Demand for gold jewelry may slip due to weaker economic growth in the biggest markets, according to the World Gold Council.
A combination of China’s strict Covid Zero policy and struggling real-estate sector likely will cause a slow recovery in demand there, the WGC wrote in its quarterly report. India, another top consumer, also may see lower buying due to the falling rupee and a higher import duty.

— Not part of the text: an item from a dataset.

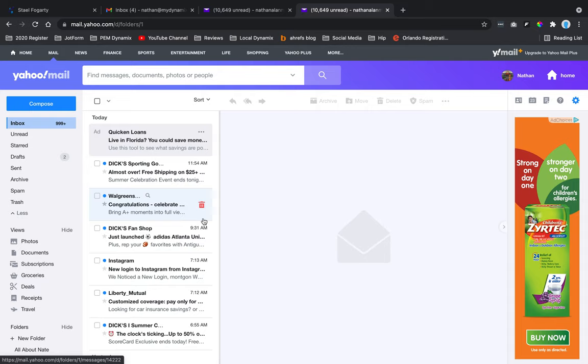In this video, I'm going to show you how to export your contacts from your Yahoo account.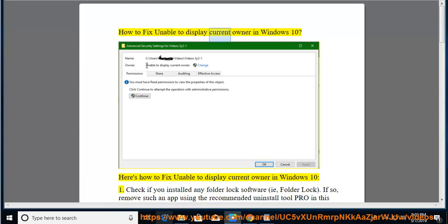How to fix unable to display current owner in Windows 10. Here's how to fix unable to display current owner in Windows 10.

Jewelry demand has been weaker after 2021, driven by lockdowns in China and the strengthening dollar, which makes gold bought in local currencies more expensive. Spot prices have slumped since rising near a record following Russia’s invasion of Ukraine.
“As many countries face economic weakness and the cost-of-living crises continue to squeeze spending, consumer driven demand will likely soften, although there should be pockets of strength,” Louise Street, a senior analyst for the council, said in a statement.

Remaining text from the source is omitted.